EVKX takeaway: When comparing cars, “multi-link” vs “5-link” is usually a wording difference — what matters is how it’s tuned (bushings, subframe stiffness, damper calibration, and available travel).

Torsion beam (twist beam) rear

A torsion beam is a semi-independent rear suspension where a cross-member twists to allow some independent movement.

Why it’s used

• Very compact and cost-effective
• Leaves space for packaging (often helpful in smaller vehicles)

Typical trade-offs

• Less composure on uneven roads compared with independent rears
• Limited geometry control under load
• At the limit (or on broken pavement), it can feel less stable than a good multi-link

Trailing arm / semi-trailing arm rear

Trailing-arm solutions can be simple, robust, and comfortable. Semi-trailing designs can be more sensitive to toe/camber changes, so execution matters.

Why it’s used

• Simpler than multi-link
• Can deliver a comfortable, predictable ride if designed well
• Packaging advantages for some platforms

Trade-offs

• Geometry through travel can impact stability if not carefully managed

Solid axle and leaf springs (heavy-duty)

Rare in passenger EVs, more common in heavy-duty vehicles.

Why it’s used

• High payload and towing capability
• Durable and cost-effective for work use

Trade-offs

• Harder to achieve premium ride comfort and isolation
• Uneven-road grip and refinement require extra engineering effort

How construction influences “feel” (the practical summary)

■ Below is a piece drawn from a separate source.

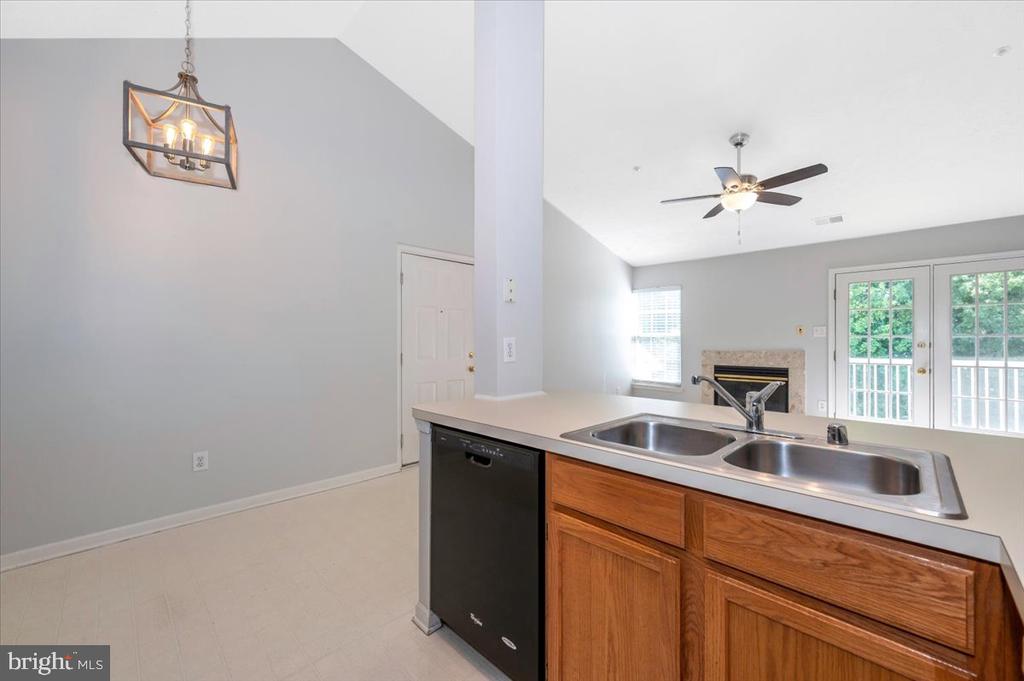 6330 BAYBERRY COURT 813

• Steering precision and cornering grip: double wishbone and well-designed multi-link often have an advantage due to geometry freedom.
• Comfort on broken roads: independent rear suspensions typically ride better than torsion beams, especially on uneven surfaces.
• Cost and packaging efficiency: strut-based fronts and torsion-beam rears are hard to beat for affordability and space.
• Refinement: multi-link rear designs are common in premium EVs because they can isolate impacts well while maintaining stability.

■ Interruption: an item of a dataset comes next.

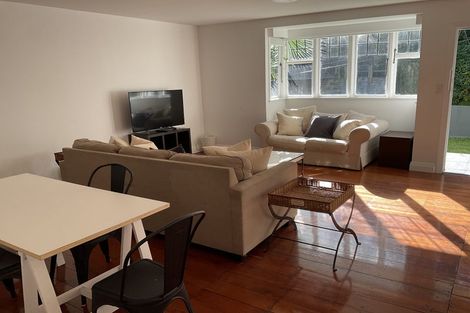 Photo of property in 2b Wilkinson Street, Oriental Bay, Wellington, 6011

How to read spec-sheet terminology (avoid the traps)

Manufacturers often use different names for related ideas:

• “Strut front suspension” / “spring strut” / “double-joint spring strut”: strut-based (MacPherson family), sometimes with upgraded geometry.
• “Multi-link” vs “5-link”: usually the same category; 5-link is a specific multi-link layout.
• “Integral link / five-link / multi-link”: brand naming varies; focus on whether it’s independent and how it behaves in tests.

Architecture is only half the story

Two EVs with the same construction can feel completely different due to:

• damper quality and calibration
• spring rates and available travel
• bushing stiffness (refinement vs precision)
• tire choice and wheel size
• body stiffness and subframe mounting strategy

That’s why EVKX separates constructions from the deep dives on springs, dampers, and active suspension.